生命科学的发展不断对光学荧光显微成像技术提出挑战，针对厚生物样品的活体实时检测需求，开展基于电控变焦液态透镜的光片荧光显微三维成像研究。以透镜初始和任意变焦时的调制传递函数差值构造评价函数，建立变焦透镜动态模型，优化其像差和动态特性。建立基于变焦透镜的光片显微成像系统模型，研究变焦透镜对系统点扩散函数和放大倍率等参数影响，优化光学系统参数。提出照明光片和聚焦成像物面的匹配扫描方法，提高图像获取速度。研究轴向扫描范围、分辨率、扫描速度和信噪比相互作用机理；研究基于多分辨率分析的金字塔变换、小波变换和神经网络等的图像融合算法，解决多幅有噪图像的融合和重建。搭建最优化的基于变焦透镜的光片荧光显微三维成像系统，实现测量速度大于100Hz的毫米量级厚度生物样品活体实时检测实验。本项目测量方法和系统避免了样品轴向移动，降低了样品光损伤，为厚生物样品提供了重要的检测方法和工具，可促进生命科学的发展。

为满足厚生物样品的活体实时检测需求，本项目提出一种基于变焦液体透镜的光片荧光三维显微成像系统，将液体变焦透镜置于双远心成像光路中，在成像过程中系统放大率保持不变。建立了基于液体变焦透镜的光片荧光显微成像系统模型，利用光线追迹方法，分析了变焦透镜的口径、光焦度和像差对系统的影响。针对光片荧光显微成像系统所需的大口径和大调谐范围的液体变焦透镜，研究了5种液体变焦透镜。降低电极宽度/间隔比、增加电极厚度可以提高液晶透镜的焦距调谐范围，降低其门槛驱动电压。建立了电润湿变焦透镜模型，获取了半月板面型方程。分析了透镜焦距、波像差与口径、外加电压的关系，发现液体变焦透镜焦距取决于接触角，且随着口径的增加，焦距调谐范围变小；且像差值和焦距值成反比。
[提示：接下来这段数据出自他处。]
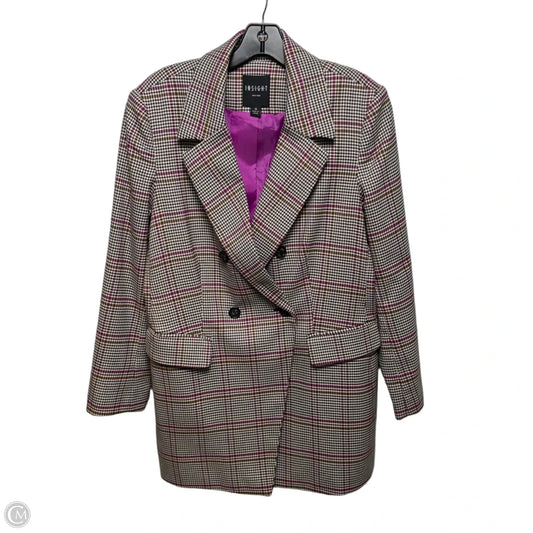 Double Breasted Blazer By Insight In Multi-colored Houndstooth, Size: 12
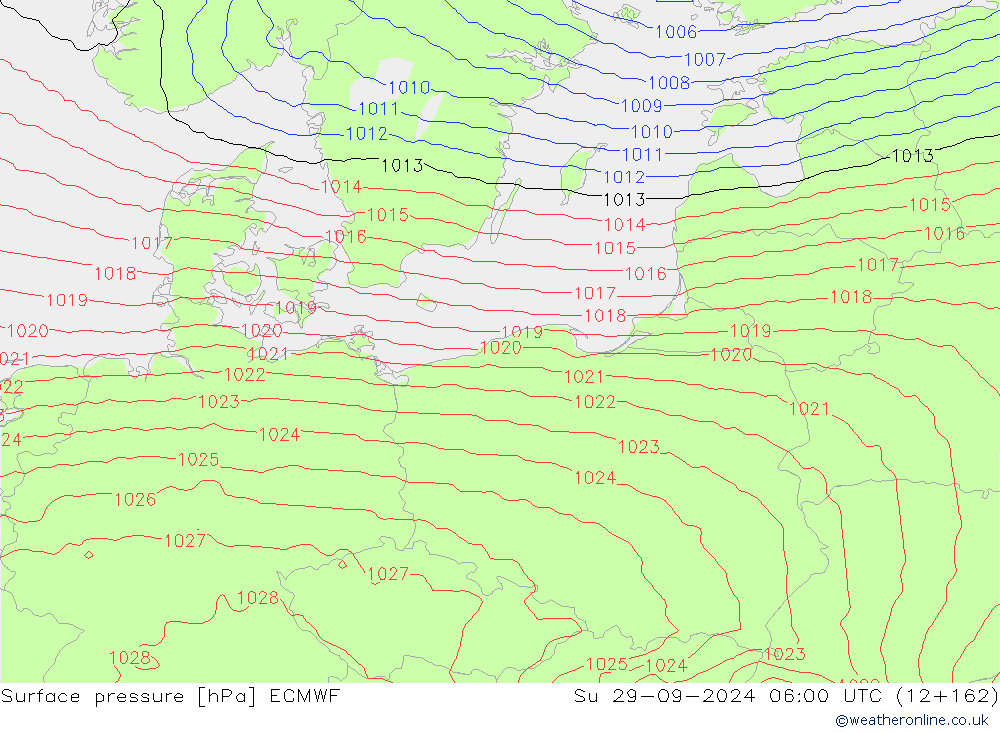 Surface pressure ECMWF Su 29.09.2024 06 UTC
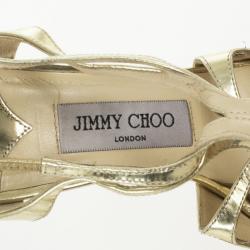 مملوكة مسبقًا Jimmy Choo Gold Mirror Leather Lance Strappy Sandals Size 37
建立了两液体变焦透镜组合的透镜系统，其具有两个可独立调谐的半月板，可扩展液体变焦透镜的焦距调谐范围。提出了三相接触点处切线角和接触角多因素作用于半月板的单液体变焦透镜，包含球形凝胶-液体和非球形液体-空气界面，突破了传统的液体透镜的焦距调谐范围受接触角饱和的限制，进一步提高了液体的焦距调谐范围。提出了电荷极化作用驱动的双液体变焦透镜，在外加电压作用下，凝胶中的电子发生极化作用，产生麦克斯韦力，引起凝胶的非对称性变形，使得透镜的门槛驱动电压降低。搭建了基于液体变焦透镜的光片荧光显微成像系统，并对物面的轴向扫描范围、分辨率、景深、放大率和光片尺寸等参数进行了测量，并对与癌细胞大小相当的荧光微球进行了成像测试，获得了样品的三维形貌。已发表4篇论文（2篇二区，1篇三区），2篇论文审稿中，2篇论文撰写中，申请中国发明专利5项，培养3名硕士生和1名博士生。获批了中英合作和交流项目“基于变焦液体透镜的超快单像素数据压缩光学成像研究”。本项目测量方法和系统避免了样品轴向移动，降低了样品光损伤，将液体透镜和基于液体透镜的光片显微成像系统仪器化，项目具有很好的应用前景。